We here at Poor Richard’s Almanac have a thing about pirates, so we look forward to Talk Like a Pirate Day all year. You can get in on the celebration by searching for some of our previous posts in the search bar at upper right, including “The best pirate movies,” “Ben Picks Ten: Pirates,” “Pirate myths: true and false,” “A piratical post,” “The ones who got away,” “Time to talk like a pirate,” “Food fit for a pirate” (with recipes), “Food fit for a Creole pirate” (ditto), “Giving pirates a bad name,” and “Blackbeard in the news.”

You can also check out two of the best pirate-themed websites, the Official Site for International Talk Like a Pirate Day (http://www.talklikeapirate.com/), run by those illustrious pirates, Cap’n Slappy and Ol’ Chumbucket, authors of the classic books Pirattitude and The Pirate Life: Unleashing Your Inner Buccaneer, and No Quarter Given (http://www.noquartergiven.net/), home of the No Quarter Given pirate magazine and a new book, The Book of Pirates: Plundering, Pillaging, and Other Pursuits

But if you’d rather walk the talk than read about it, here are a few suggestions for ways to celebrate International Talk Like a Pirate Day:

* Begin every conversation and phone call by shouting “AAAARRRR!!!” (or “YAAARRR!!!”) Hopefully, at least one call will be from a telemarketer.

* Watch some piratical movie classics like “Captain Blood,” “The Black Swan,” “The Buccaneer,” or “Swashbuckler,” or indulge in a “Pirates of the Caribbean” movie fest.

* Quench your thirst while watching movies with some piratical rum-based beverages from Silence Dogood’s post “Food fit for a pirate.” Or just drink some English Harbour Antigua Rum or Gosling Black Label straight up. Shiver me timbers!

* Fly the Jolly Roger over your home and/or car. Give the neighbors something to talk about.

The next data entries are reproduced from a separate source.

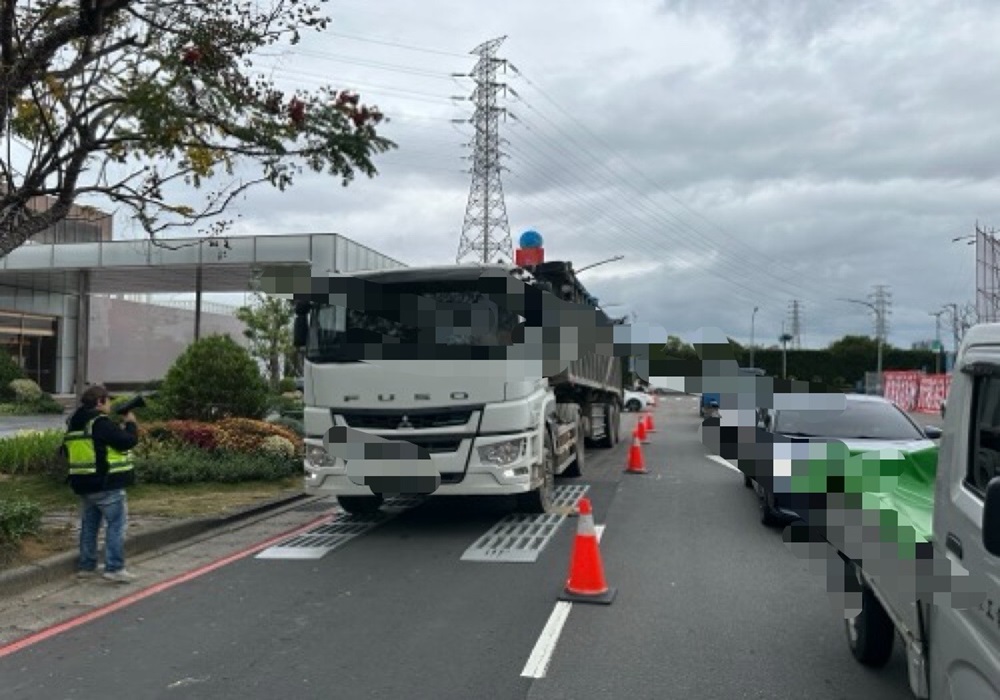 中和警活動地磅攔查大型車 今年迄今取締違規2387件 192 248241227a02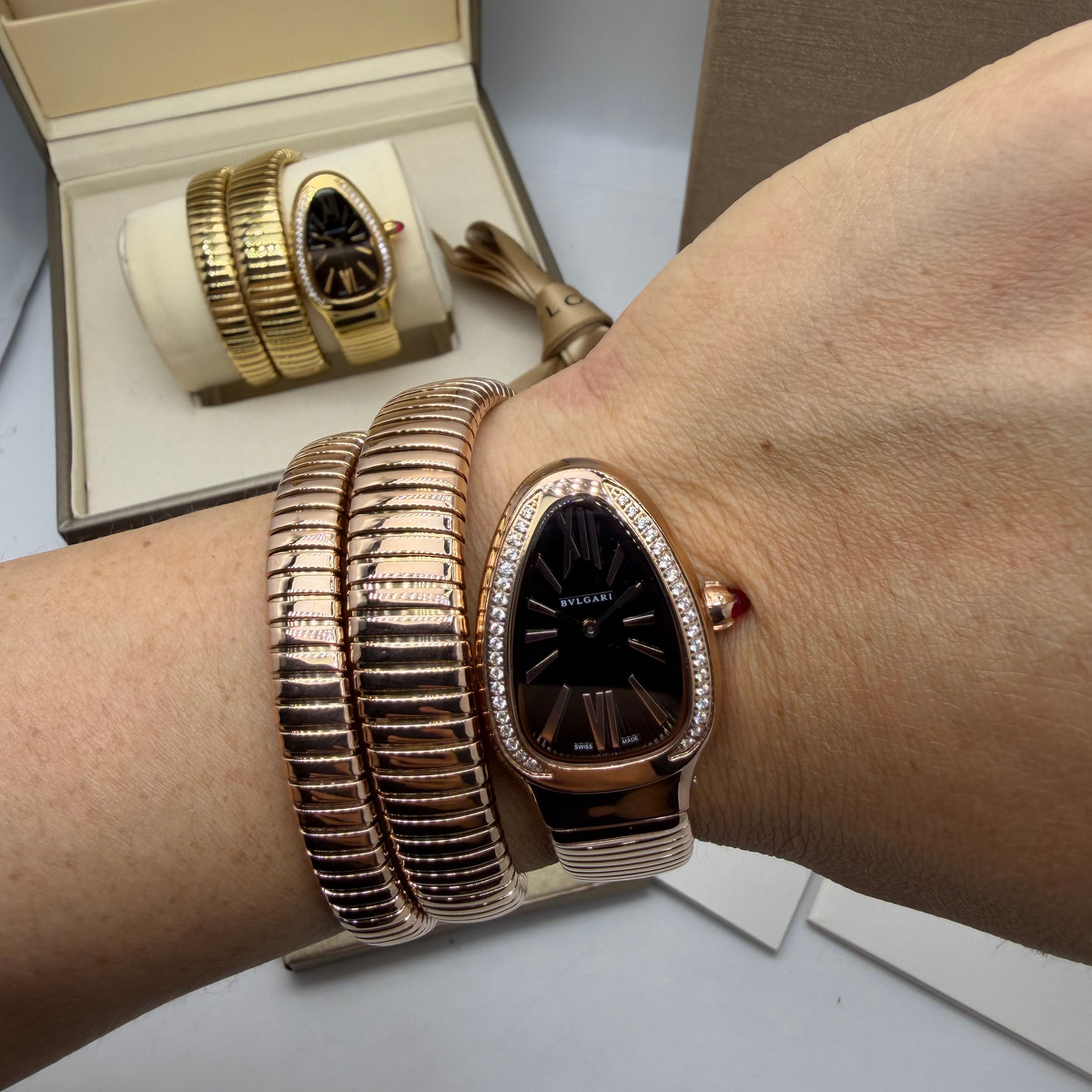 Bvlgari Serpenti Tubogas 02 Volta 35mm Aço/Rose Mostrador Preto - Cravejado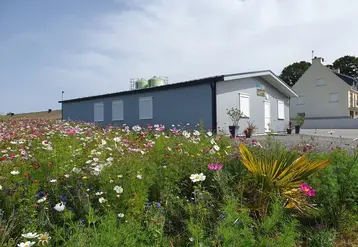 <em class="placeholder">Les intervenants extérieurs de l’Earl de la Petite Lande disposent maintenant d’un bâtiment dédié à leur confort qui sécurise mieux le sanitaire de l’exploitation.</em>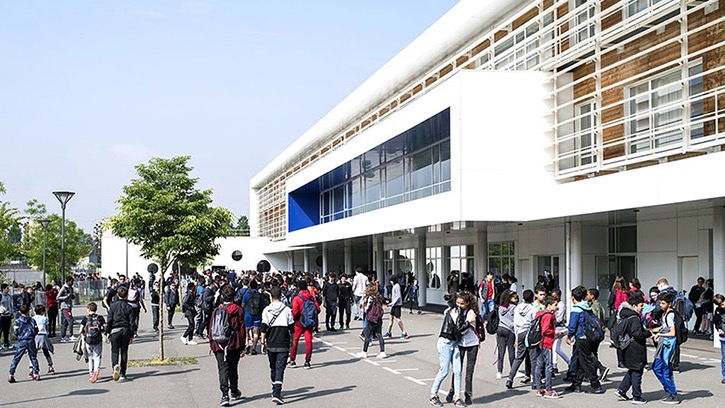 Schulhof des Lycée Léonard de Vinci in Paris
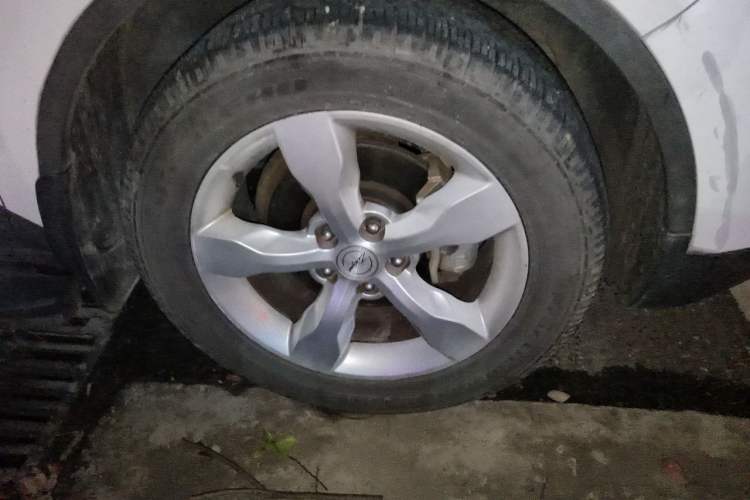 Used Zotye Domy X5 2015 1.5T Manual Luxury Version China IV Standard Right Front Wheel Hub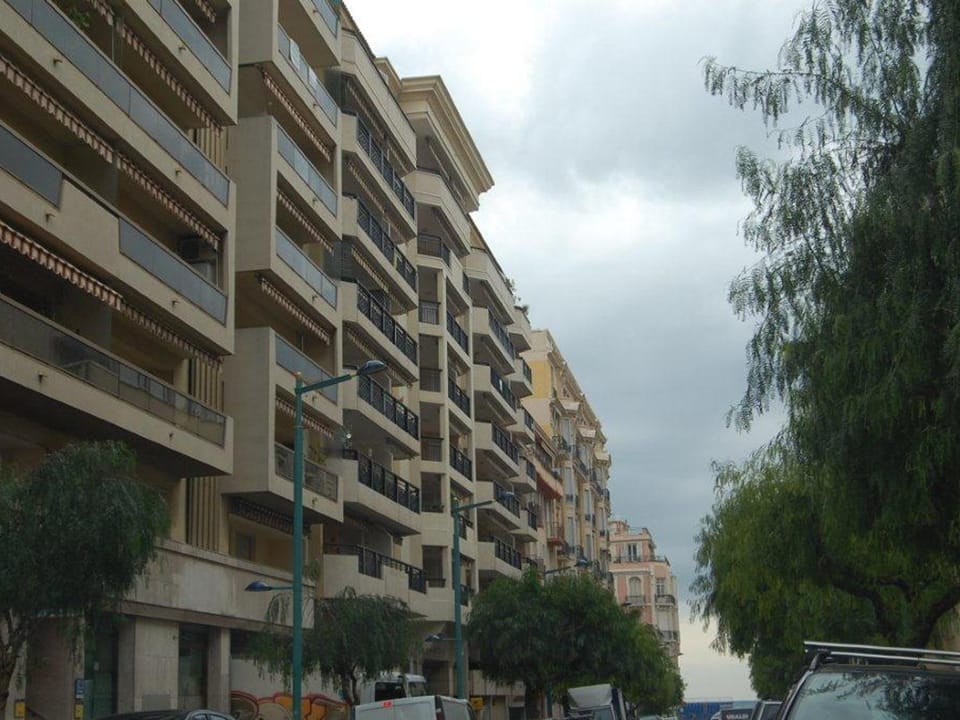 Grand 2P climatisé, terrasse, parking, centre Menton, commerces & plages à pied - FR-1-196-189 Apartment in Menton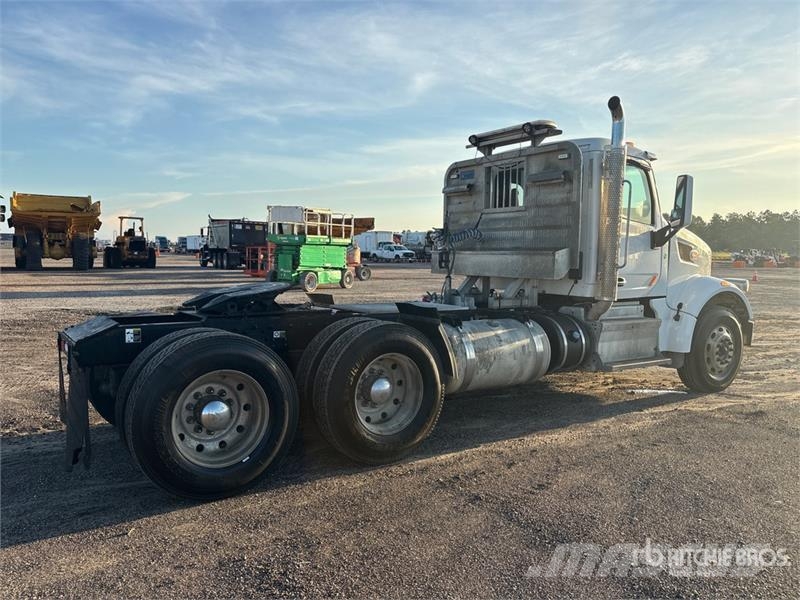 Peterbilt 567 Tractores (camiões)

* Walk around all day attired as your favorite pirate. (Our friend Ben favors Stede Bonnet or Black Bart, the Great Pirate Roberts; Silence thinks Anne Bonny would be a good choice; and Richard Saunders would love to be Blackbeard, but is afraid of setting his faux beard on fire by lighting fuses in it as the actual Blackbeard did to terrify his enemies; the Michael Jackson look is not for him, so he’d probably be Calico Jack Rackham or Captain Morgan.) Remember that an eyepatch and/or huge hoop earring always adds panache, unless you’re in character as any of the above. Ditto a parrot, real or faux. A prominently displayed pistol and cutlass should probably be enough to cut off any derisive comments from killjoys who don’t understand that wearing a costume and getting into character is fun. Especially if the pistol is loaded.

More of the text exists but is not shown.